Cu-River Mining
- Industry: Mining
- Founded: 2014; 12 years ago in Adelaide, South Australia, Australia
- Founder: Yong Gang Shan
- Headquarters: Adelaide, Australia
- Products: iron ore
- Owner: Yong Gang Shan
- Website: www.curiver.com.au

= Cu-River Mining =

Australian mining business

Cu-River Mining Pty. Ltd. is a privately owned Australian resources company with interests in iron ore mining and port development projects in South Australia. It is the smaller of two iron ore exporters operating in the state, the larger being the GFG Alliance. The company is owned by Adelaide-based businessman, Yong Gang Shan and as of 2019 its only producing asset was the Cairn Hill mine in the state's Far North. The company has contracted mining, processing and freight logistics services to Agile Mining Services and Lucas Total Contract Solutions

== History ==
In 2014, Cu-River Mining purchased the Cairn Hill iron ore mine in the Woomera Prohibited Area, near Coober Pedy in South Australia. The mine was previously owned by Termite Resources; a joint venture between ASX-listed IMX Resources and the Taifeng Yuan Chuang International Development Company. Cu-River Mining produced its first iron ore from Cairn Hill in 2016.

In October 2017, the company announced that it would invest $800 million in expanding the Cairn Hill mine. Cu-River Mining has contracted JiuJiang Mining Australia (the Australian arm of the JiuJiang Group, China) to undertake infrastructure improvements at Cairn Hill.

In May 2019, the future of Cu-River's operations in the Woomera Prohibited Area were called into question, following national security concerns regarding its proximity to a restricted weapons and technology testing range.

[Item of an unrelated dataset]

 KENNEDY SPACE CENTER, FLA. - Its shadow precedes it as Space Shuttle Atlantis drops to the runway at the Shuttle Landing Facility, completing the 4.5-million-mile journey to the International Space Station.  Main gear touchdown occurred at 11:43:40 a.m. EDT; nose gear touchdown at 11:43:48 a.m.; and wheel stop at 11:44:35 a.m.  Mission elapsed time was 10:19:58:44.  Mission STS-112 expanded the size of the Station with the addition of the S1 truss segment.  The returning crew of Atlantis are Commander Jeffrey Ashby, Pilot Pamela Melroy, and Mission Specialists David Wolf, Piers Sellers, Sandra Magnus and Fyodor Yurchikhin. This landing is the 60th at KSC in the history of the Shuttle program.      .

In January 2020 it was announced that Cu-River mining was withdrawing from Cairn Hill after its 270 million AUD expansion plan, though the company was still listed as the mine's tenement holders and operator in the project's 2020-21 compliance report to the Government of South Australia.

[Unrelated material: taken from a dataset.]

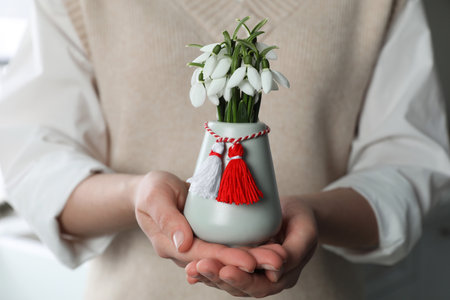 Woman holding vase with beautiful snowdrops and traditional martisor indoors, closeup. Symbol of first spring dayの写真素材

Cu-River Mining's interests are represented to the South Australian parliament by the lobbying firm, Silk Road Commercial Pty Ltd. Silk Road has no other political lobbying clients on its books as of 2021.

== Port Playford development ==
In January 2019, the company purchased the site of the former Northern and Playford A and B power stations at Port Augusta, where it intends to construct a port for the transshipment of iron ore from its existing Cairn Hill mine, future iron ore projects Snaefell and Tomahawk, and potentially wheat and other commodities. The 1068 hectare property's existing 5 kilometre long rail loop and unloading facilities (previously used to unload and stockpile coal from Leigh Creek) would be utilised by the prospective port. An export capacity of 15 million tonnes per annum is anticipated by the company, with scope to increase to 50 million tonnes.

In 2020, Cu-River Mining signed a Memorandum of Understanding with Haviliah Resources, a prospective iron ore exporter with leases to mineral deposits in the Braemar region in South Australia.

In January 2021, Port Playford received development approval from the South Australian government. Cu-River mining intends to use barges to transship ore onto Cape-sized vessels at the existing transshipment points in Spencer Gulf that were created for transshipment of iron ore from Whyalla. Work started on the port in August 2021, with the aim of first shipments in the second half of 2023. The first ore is expected to come from Cairn Hill mine (owned by Cu-River) and from Peculiar Knob mine (owned by Peak Iron).